This lesson covers the full lifecycle: schema design principles, structured output via response_format, output parsing, and validation loops that teach the model to self-correct.

2. The Anatomy of a Tool Definition

A tool definition has three moving parts: name, description, and parameters (a JSON Schema object). Each part does different work.

{
  "name": "search_orders",
  "description": "Look up orders for a customer by their email address. Use this when the user asks about order status, past purchases, or shipping. Do NOT use for product availability queries.",
  "parameters": {
    "type": "object",
    "properties": {
      "customer_email": {
        "type": "string",
        "description": "The customer's email address, exactly as provided by the user."
      },
      "status_filter": {
        "type": "string",
        "enum": ["all", "pending", "shipped", "delivered", "cancelled"],
        "description": "Filter results to a specific order status.

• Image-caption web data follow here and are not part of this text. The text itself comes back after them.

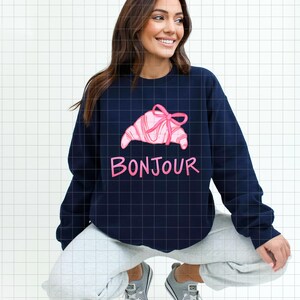 Op de afbeelding: Marineblauw sweatshirt met een roze croissantontwerp, versierd met een strik. Het woord "Bonjour" staat in roze onder de croissant. Het sweatshirt heeft een casual stijl.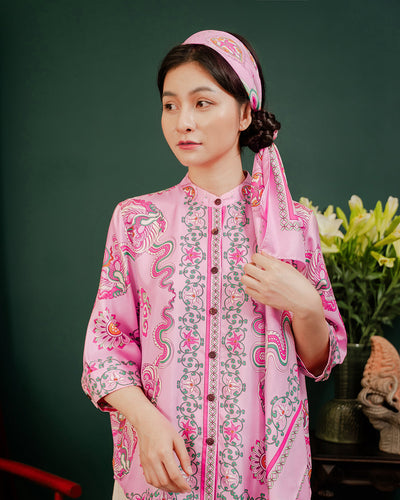 Pink Phoenix Dance silk scarf tied as a headband, the long ends falling over the shoulder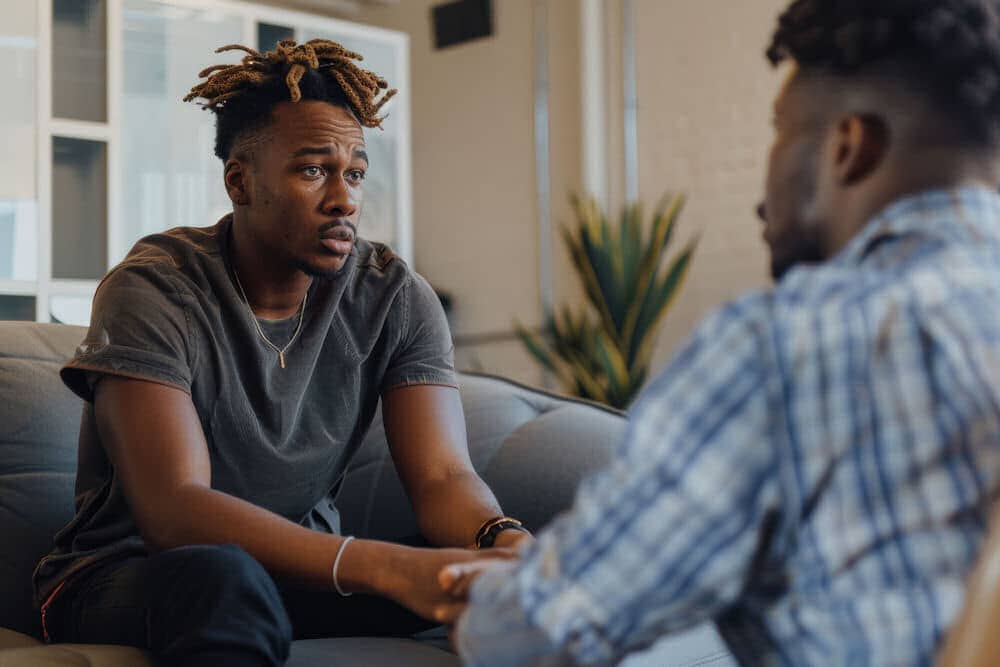 Anxious man wrapping arms over bent head.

Use 'all' when the user hasn't specified."
      }
    },
    "required": ["customer_email"]
  }
}
  • name — The model sees this as the primary signal for routing. Use snake_case verbs: get_, search_, create_, update_.
  • description — Explains intent AND scope. Include negative examples (Do NOT use for...) to prevent misrouting.
  • parameters.description — Tells the model how to populate each argument from the conversation.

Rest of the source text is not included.